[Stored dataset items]
_ _ _ _
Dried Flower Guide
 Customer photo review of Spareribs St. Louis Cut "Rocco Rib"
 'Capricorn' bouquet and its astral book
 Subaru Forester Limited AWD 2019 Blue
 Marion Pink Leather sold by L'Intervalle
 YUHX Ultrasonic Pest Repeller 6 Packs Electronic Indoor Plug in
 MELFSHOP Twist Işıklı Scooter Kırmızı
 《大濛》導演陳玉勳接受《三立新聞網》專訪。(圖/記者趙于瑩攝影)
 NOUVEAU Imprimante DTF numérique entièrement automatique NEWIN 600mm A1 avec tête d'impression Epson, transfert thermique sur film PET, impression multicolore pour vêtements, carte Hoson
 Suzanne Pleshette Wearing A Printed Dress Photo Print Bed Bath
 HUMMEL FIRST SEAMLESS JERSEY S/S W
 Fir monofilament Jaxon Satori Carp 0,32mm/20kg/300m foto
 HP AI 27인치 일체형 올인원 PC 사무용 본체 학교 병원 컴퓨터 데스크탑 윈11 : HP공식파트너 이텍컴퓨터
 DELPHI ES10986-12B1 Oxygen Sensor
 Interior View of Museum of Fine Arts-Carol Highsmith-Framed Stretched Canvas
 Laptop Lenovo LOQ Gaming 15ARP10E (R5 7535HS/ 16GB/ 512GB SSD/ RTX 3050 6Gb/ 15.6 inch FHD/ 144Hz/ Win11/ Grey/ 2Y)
_ _ _ _
▸ What you have to do
All lines from the one containing "DELPHI ES10986-12B1 Oxygen Sensor" through the last line of the data must be set down exactly. No other lines belong in the answer.

▸ Exercise output
 DELPHI ES10986-12B1 Oxygen Sensor
 Interior View of Museum of Fine Arts-Carol Highsmith-Framed Stretched Canvas
 Laptop Lenovo LOQ Gaming 15ARP10E (R5 7535HS/ 16GB/ 512GB SSD/ RTX 3050 6Gb/ 15.6 inch FHD/ 144Hz/ Win11/ Grey/ 2Y)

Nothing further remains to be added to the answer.